Mental health services could be an effective way to reduce DWIs in Minnesota. A Harvard Medical School research of more than 100 people charged with driving while intoxicated (DWI) found that, in addition to alcohol or drug addiction, over 45% of repeat offenders had a significant mental disorder. Many people suffering from mental illnesses don’t receive treatment due to limited funding and public stigma associated with these disorders. The outcome is more impaired drivers on the roads.
Treatment Not Punishment
Instead of jail time, researchers propose special courts to offer defendants incentives, such as counseling and substance abuse treatment. This strategy can potentially reduce repeat offenses among many people with mental disorders.
Common mental disorders among drivers include schizophrenia, bipolar disorder, and major depression. Others are also diagnosed with attention-deficit hyperactivity disorder (ADHD) and PTSD. People suffering from mental illnesses are more likely than the general population to experience alcohol dependency.
Treatments for mental health disorders include psychotherapy, which involves taking a deeper look at the patient’s thoughts, feelings, and behaviors. Medications can reduce or eliminate symptoms of mental illnesses.
Promoting Awareness of Mental Health Disorders
While some mental disorders aren’t completely curable, they are manageable. As with many conditions, the earlier a condition becomes identified and treated, the better the odds of leading a normal life. By educating the public on early warning signs of mental health disorders and the importance of seeking treatment early, individuals can get help before it’s too late.
Minnesota DWI Laws
In Minnesota, “impaired to the slightest degree” describes a person whose blood alcohol content (BAC) is 0.08 or more. Drivers under the age of 21 shouldn’t have any alcohol in their system while driving. Those with a learner’s permit shouldn’t use a cellular device while behind the wheel. A DWI conviction could lead to $1,000 in fines or up to 90-days of jail time. It could also lead to driver’s license and/or professional license suspension or revocation, depending on the facts of the case.

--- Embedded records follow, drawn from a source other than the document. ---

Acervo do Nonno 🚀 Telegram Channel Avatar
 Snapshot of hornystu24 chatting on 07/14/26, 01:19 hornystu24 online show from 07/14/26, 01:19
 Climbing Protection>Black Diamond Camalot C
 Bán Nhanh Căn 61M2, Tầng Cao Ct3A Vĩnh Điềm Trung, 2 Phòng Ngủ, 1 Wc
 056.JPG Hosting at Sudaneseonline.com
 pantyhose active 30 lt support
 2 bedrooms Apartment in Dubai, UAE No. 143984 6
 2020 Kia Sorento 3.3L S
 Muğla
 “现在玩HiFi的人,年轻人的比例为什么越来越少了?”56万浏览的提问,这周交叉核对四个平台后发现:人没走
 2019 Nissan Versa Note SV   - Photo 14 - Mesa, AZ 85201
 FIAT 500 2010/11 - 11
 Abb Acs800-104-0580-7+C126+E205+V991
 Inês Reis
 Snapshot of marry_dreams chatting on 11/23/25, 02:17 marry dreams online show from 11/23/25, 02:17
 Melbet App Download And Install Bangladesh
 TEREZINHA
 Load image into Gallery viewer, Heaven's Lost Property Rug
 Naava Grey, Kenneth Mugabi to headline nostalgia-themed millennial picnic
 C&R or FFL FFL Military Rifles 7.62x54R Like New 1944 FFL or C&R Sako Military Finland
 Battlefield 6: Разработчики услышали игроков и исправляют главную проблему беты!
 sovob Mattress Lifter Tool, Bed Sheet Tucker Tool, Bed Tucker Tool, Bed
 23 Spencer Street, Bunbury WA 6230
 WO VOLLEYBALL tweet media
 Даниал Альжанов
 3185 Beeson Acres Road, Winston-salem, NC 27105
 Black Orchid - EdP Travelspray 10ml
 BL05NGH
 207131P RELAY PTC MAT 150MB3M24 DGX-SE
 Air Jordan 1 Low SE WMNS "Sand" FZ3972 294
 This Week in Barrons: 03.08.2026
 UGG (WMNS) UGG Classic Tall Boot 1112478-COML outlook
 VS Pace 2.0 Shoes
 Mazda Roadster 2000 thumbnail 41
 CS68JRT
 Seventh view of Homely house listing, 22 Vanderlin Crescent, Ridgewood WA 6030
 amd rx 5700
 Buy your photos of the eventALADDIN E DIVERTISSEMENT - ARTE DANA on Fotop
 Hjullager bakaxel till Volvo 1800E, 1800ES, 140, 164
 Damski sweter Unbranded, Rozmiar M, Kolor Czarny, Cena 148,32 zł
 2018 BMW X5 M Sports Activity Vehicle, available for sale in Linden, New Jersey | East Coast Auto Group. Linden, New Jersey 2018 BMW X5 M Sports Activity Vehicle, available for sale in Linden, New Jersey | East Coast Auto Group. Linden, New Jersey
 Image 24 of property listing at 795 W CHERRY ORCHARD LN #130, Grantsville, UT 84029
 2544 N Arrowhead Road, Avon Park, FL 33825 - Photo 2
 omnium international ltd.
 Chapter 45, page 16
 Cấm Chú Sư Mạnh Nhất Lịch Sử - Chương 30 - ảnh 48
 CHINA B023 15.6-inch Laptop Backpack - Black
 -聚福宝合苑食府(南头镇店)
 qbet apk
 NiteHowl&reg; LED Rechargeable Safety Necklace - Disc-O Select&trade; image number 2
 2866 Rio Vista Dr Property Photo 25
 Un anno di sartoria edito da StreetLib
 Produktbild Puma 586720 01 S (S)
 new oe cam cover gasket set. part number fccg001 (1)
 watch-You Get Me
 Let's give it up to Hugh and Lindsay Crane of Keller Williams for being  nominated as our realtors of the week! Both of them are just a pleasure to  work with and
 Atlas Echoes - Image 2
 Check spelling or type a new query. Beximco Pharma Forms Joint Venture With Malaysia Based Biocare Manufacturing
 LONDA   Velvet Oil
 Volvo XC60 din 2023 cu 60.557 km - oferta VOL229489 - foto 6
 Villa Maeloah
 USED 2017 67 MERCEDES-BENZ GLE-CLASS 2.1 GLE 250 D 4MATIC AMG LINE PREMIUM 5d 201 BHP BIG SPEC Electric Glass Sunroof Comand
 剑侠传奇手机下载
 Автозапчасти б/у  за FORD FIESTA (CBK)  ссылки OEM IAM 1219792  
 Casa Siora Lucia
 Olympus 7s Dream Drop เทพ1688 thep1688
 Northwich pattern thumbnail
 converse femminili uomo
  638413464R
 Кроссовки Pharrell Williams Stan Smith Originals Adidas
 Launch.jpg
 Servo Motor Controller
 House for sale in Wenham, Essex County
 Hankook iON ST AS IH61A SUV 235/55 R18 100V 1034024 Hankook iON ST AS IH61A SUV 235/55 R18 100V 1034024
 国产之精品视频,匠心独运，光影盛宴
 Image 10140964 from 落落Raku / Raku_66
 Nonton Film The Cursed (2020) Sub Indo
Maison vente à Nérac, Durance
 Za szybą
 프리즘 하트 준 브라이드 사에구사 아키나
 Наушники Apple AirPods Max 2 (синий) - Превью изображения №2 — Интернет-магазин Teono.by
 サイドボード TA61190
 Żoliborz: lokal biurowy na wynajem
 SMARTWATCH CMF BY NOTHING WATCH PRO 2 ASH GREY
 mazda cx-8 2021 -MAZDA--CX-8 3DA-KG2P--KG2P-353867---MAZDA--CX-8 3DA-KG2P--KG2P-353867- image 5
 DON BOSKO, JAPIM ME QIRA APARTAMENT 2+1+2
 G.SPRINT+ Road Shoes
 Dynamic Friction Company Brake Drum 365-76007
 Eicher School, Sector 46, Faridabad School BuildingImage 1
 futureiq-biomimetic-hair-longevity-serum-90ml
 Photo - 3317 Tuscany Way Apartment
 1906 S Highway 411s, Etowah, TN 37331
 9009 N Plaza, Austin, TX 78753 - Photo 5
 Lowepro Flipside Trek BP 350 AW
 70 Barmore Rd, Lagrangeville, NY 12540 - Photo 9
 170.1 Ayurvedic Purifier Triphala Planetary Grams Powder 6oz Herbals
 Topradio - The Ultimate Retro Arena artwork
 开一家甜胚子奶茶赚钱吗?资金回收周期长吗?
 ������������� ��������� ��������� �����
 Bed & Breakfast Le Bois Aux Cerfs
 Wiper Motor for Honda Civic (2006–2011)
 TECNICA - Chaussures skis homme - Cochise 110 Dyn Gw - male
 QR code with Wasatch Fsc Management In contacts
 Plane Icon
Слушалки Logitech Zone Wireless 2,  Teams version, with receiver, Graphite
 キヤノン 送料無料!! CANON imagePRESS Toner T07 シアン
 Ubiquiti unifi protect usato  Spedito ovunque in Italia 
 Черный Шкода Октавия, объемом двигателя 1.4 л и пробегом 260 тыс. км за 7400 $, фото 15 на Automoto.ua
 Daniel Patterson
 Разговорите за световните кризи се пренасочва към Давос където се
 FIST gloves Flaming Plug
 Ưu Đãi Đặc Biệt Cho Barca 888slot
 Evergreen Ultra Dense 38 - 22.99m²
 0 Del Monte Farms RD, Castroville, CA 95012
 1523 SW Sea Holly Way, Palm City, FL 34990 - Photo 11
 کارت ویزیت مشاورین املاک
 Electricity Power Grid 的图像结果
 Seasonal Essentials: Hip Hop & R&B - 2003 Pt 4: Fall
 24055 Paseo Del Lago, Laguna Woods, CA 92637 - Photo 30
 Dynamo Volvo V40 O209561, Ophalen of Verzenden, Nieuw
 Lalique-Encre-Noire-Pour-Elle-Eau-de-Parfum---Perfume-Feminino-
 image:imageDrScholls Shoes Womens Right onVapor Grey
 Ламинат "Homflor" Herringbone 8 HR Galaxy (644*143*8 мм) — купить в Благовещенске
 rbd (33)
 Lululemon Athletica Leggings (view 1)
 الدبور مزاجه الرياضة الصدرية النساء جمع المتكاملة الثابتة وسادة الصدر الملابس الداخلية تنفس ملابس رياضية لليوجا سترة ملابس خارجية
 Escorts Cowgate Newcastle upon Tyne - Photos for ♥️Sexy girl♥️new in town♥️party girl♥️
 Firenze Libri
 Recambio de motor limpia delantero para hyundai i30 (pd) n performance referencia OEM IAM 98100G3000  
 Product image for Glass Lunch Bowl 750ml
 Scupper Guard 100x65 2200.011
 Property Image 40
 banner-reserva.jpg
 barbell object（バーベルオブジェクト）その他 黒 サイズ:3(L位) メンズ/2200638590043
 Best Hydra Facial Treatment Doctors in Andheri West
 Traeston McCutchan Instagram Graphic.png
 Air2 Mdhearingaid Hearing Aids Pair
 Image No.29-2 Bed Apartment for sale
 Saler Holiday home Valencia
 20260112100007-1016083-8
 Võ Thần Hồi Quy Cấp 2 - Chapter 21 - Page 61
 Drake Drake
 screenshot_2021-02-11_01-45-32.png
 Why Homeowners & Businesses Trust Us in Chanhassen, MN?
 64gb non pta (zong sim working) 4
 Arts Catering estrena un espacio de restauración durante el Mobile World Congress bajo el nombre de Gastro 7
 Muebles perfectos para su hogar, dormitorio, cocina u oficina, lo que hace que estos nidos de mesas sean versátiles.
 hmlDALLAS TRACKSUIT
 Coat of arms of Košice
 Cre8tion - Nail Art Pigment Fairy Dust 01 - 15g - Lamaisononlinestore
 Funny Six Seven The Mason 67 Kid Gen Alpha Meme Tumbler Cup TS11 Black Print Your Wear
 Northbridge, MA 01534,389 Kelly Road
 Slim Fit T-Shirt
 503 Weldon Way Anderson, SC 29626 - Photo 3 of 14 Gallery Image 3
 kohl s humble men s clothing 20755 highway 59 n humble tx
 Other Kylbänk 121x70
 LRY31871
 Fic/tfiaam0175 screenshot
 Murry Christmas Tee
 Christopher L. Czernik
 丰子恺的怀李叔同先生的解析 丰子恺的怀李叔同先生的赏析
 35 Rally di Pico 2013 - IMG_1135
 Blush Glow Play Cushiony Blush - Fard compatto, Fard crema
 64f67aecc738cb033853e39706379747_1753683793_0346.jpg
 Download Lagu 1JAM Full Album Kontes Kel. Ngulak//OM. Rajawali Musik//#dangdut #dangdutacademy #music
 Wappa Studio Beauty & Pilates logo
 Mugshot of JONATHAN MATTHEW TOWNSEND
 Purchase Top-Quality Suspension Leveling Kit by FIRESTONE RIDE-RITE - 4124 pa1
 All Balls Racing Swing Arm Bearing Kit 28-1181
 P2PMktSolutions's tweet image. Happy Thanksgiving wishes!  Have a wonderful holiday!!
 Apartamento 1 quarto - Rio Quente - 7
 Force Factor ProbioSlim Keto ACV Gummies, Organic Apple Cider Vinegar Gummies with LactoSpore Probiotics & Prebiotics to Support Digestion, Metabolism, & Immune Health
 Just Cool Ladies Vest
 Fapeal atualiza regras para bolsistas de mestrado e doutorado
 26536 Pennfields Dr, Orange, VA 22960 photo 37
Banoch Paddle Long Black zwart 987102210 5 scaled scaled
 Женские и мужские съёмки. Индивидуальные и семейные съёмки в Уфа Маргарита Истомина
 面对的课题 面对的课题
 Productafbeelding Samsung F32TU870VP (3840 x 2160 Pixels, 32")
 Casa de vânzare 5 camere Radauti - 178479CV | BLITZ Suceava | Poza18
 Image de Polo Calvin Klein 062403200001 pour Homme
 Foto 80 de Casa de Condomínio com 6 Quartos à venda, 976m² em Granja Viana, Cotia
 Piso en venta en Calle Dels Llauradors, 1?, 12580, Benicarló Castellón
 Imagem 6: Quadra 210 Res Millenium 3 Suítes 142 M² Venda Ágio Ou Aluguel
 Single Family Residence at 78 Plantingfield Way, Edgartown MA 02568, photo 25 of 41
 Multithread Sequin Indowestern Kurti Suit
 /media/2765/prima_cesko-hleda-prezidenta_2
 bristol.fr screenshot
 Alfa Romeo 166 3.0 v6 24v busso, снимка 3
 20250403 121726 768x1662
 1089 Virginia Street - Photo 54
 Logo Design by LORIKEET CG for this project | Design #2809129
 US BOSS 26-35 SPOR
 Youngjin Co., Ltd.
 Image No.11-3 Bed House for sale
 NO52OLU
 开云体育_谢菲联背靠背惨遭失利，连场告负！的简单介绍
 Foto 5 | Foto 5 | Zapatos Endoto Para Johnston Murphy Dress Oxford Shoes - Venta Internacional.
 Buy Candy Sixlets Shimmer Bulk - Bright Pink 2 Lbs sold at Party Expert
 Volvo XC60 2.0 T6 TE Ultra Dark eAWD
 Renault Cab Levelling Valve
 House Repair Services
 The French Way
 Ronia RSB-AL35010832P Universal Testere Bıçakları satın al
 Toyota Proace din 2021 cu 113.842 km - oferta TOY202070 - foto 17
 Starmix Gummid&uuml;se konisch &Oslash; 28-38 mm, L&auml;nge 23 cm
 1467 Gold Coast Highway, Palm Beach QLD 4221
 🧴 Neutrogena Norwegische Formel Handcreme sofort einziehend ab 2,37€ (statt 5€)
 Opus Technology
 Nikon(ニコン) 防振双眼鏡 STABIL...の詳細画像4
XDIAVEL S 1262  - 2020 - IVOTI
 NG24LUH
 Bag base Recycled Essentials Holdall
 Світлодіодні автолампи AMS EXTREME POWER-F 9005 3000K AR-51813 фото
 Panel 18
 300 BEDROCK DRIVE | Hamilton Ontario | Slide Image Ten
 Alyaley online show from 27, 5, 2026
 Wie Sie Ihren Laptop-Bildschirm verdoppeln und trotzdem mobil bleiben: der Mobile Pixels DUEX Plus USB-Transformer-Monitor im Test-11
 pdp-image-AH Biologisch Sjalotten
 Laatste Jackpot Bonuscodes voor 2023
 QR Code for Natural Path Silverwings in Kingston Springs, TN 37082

DWI Defenses Based on a Mental Health Disorder
Mental health could be a crucial part of a defendant’s DWI defense strategy. A defense strategy sometimes focuses on reducing the penalties that a conviction could bring. A Minneapolis DWI lawyer can inform the court regarding the defendant’s mental health issues. That way, the judge knows there were contributing conditions in the case, which may result in a reduced penalty.